YouTube France pense avoir la bonne méthode, bien qu’elle puisse être perfectible, elle fonctionne selon eux. Désormais, c’est à leurs utilisateurs de jouer un rôle et ne pas hésiter à signaler les contenus. Comme nous l’explique précisément l’équipe, sur YouTube, vous pouvez tout signaler : un commentaire, une playlist, une vidéo, donc si vous voyez ou lisez quelque chose, il est important d’agir.
D’une jeunesse française à une autre
Alors que la plateforme nous explique avec ses techniques et ses méthodes les rouages de sa modération, on comprend qu’elle est imparfaite mais déjà lourdement armée. Poursuit-on un rêve de surrégulation du net alors qu’on se méfie plutôt de ce genre de dispositif ? Doit-on encore pointer du doigt non pas les plateformes mais la société et les déclassés qu’elle produit encore ?
Au printemps dernier, je me rendais naïf et ingénu à la Get Beauty, la plus importante rencontre des YouTubeuses beauté de France. J’y découvrais une foule bigarrée, connectée, enthousiaste et culturellement mondialisée. On y parlait certes vernis mais également diversité et bienveillance — j’osais même croire que je rencontrais une jeunesse inconsciente de son progressisme mais prête à se battre pour. Et peu de choses ont changé dans cette petite bulle de YouTubeur, à l’exception d’un détail : ils et elles sont devenu(e)s des cibles publiques.
Il est difficile d’établir un portrait précis de cette jeunesse du web qui en veut à la réussite de ces gamins joyeux et représentatifs d’une certaine diversité. Mais aujourd’hui, nous devons admettre qu’ils existent et s’organisent, avec des cas parfois aussi extrêmes que La Cagoule.
Mais on peut également évoquer un Raptor Dissident, dont le comportement à l’égard de Masculin Singulier se rapproche des mêmes modus operandi appréciés par La Cagoule : raids, cyber-harcèlement, appels aux meurtre et stigmatisation.
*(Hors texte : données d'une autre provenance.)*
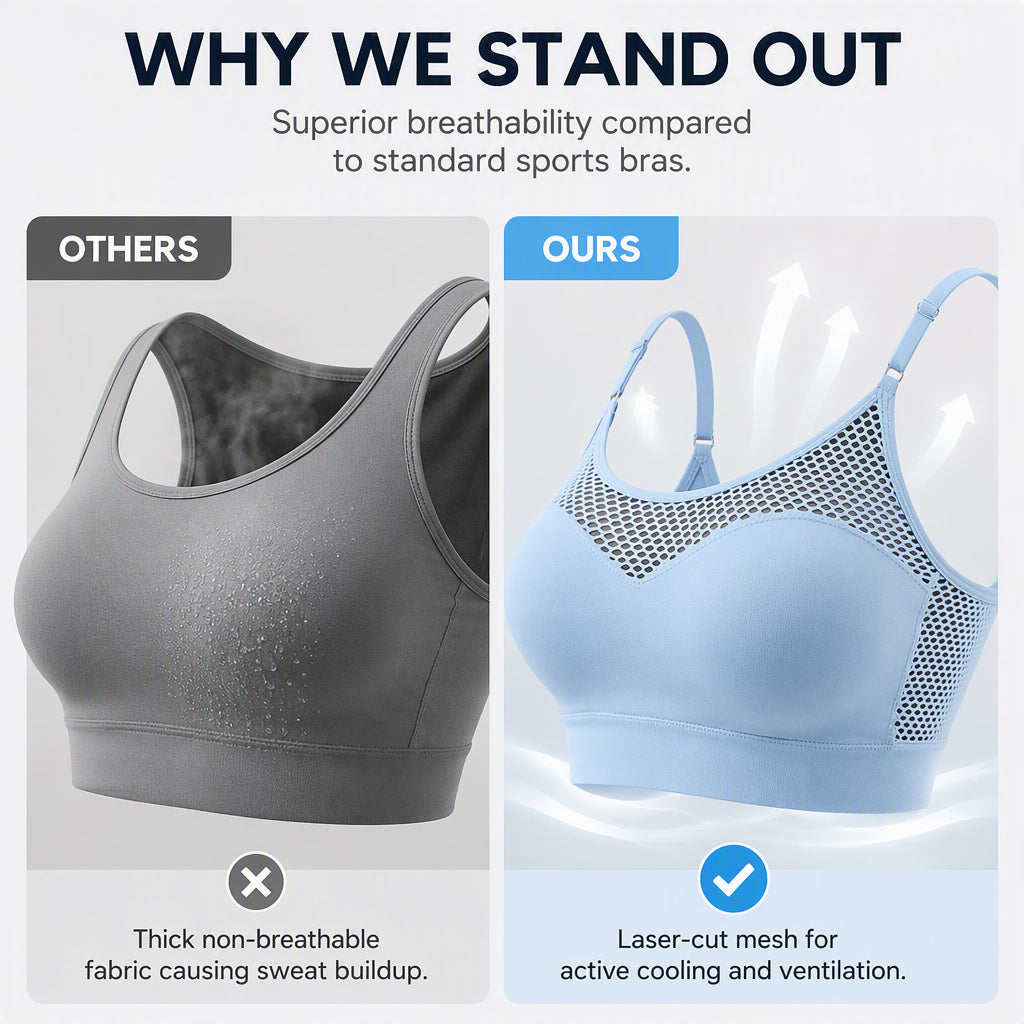 🌸Hot Sale 50% OFF💖Women's Hollow Mesh Push Up Sports Bra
Guilhem — Masculin Singulier — nous confie qu’il y voit plus qu’une coïncidence : pour lui, c’est une nouvelle bulle qui émerge dans la société.
Forcément, on pense également aux jeunes, certes minoritaires, qui se retrouvent sur le forum 18-25 pour partager le même type de comportements agressifs. Les cibles sont toujours les mêmes : les femmes, les féministes, les progressistes et les minorités, des groupes auxquels on oppose un internaute trolleur qui voit dans les minorités le principal obstacle à sa propre émancipation.
Deux jeunesses françaises qui s’opposeraient sur le web comme dans les années 1990 les jeunesses communistes et fascistes se violentaient à coup de bars de fer ? Possible : ce sont en tout cas deux visions du monde radicalement différentes. Deux bulles qui ne sont jamais loin d’être politisée et qui pourtant, semblent principalement subsister à cause du besoin d’attention de quelques individus.
Il suffit de voir comment un personnage comme La Cagoule a radicalement changé de comportement après avoir connu un faible succès avec ses canulars quand il a découvert que des garçons plus jeunes que lui, comme Sulivan Gwed, pouvaient bénéficier d’une exposition puissante.
Il nous revient alors l’image du jeune homme encagoulé en train de frapper une de ses peluches dans sa chambre d’ado alors qu’il vient d’apprendre que Panda Moqueur venait d’avoir un million d’abonnés. Enfermé dans son cocon, derrière sa caméra, il s’agite, explose, comme s’il y avait une injustice dans le succès d’un jeune homme. Seul avec sa cagoule et ses cordes vocales, il s’égosille, dépité.
En arrière-plan, on distingue un appareil de musculation, un poster de GTA et une sinistre chambre d’ado peuplée de peluches.